Pension Van Schoonhoven
The Van Schoonhovenstraat is a street with mainly 19th century terraced houses. Just like everywhere else in the Antwerp station area, the original plot structure is heavily affected and corrupted. The street has a number of (mostly bad) examples of scaling-up, where the original footprints have been replaced by a coarser grain, resulting in rather clumsy and antisocial buildings. The blind plinths and uninspiring facades render a disbelief in the discipline of shaping a city, living in the idea of the street as a carrier of community building, in the public good. Jane Jacobs' nightmare in Antwerp. How to create a new shelter that’s not falling into this trap? And how to combine the complex program with the preservation of two existing mansions? (In fact there are three identical ones, but the right neighbor removed the stucco…)
Day and night shelter for the homeless
Antwerp-Belgium
Closed competition - Laureate
2014-2018
Can a building that starts from scarcity and an acute emergency, a building that is vandal-proof and must be "minimalist", nevertheless become a kind of public living room? Can it welcome people in an inclusive and comprehensive manner? For those who live without a home, domesticity is the beginning of luxury.

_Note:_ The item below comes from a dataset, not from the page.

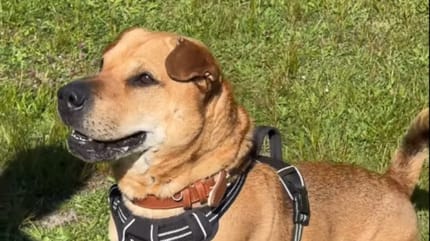 Shar-Pei-Mix Rocky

We start from a clear structure in the longitudinal section: two existing houses transforming into five. We aim for a building as a collection of domestic dwellings, rather than an institutional complex. With John Soane's hous in mind, which consists of three houses merged into one. A fascinating (false) symmetry enters the statement: 3 new homes in addition to the 3 existing ones. (3/3) Rather, 2 properties on the left-hand side, a central nave and the 2 existing on the right. (2/1/2) In the cross section exists another distinction between the porch and the back house, with a garden in between. A carriage entrance connects the building parts and invites people in, at least for a while.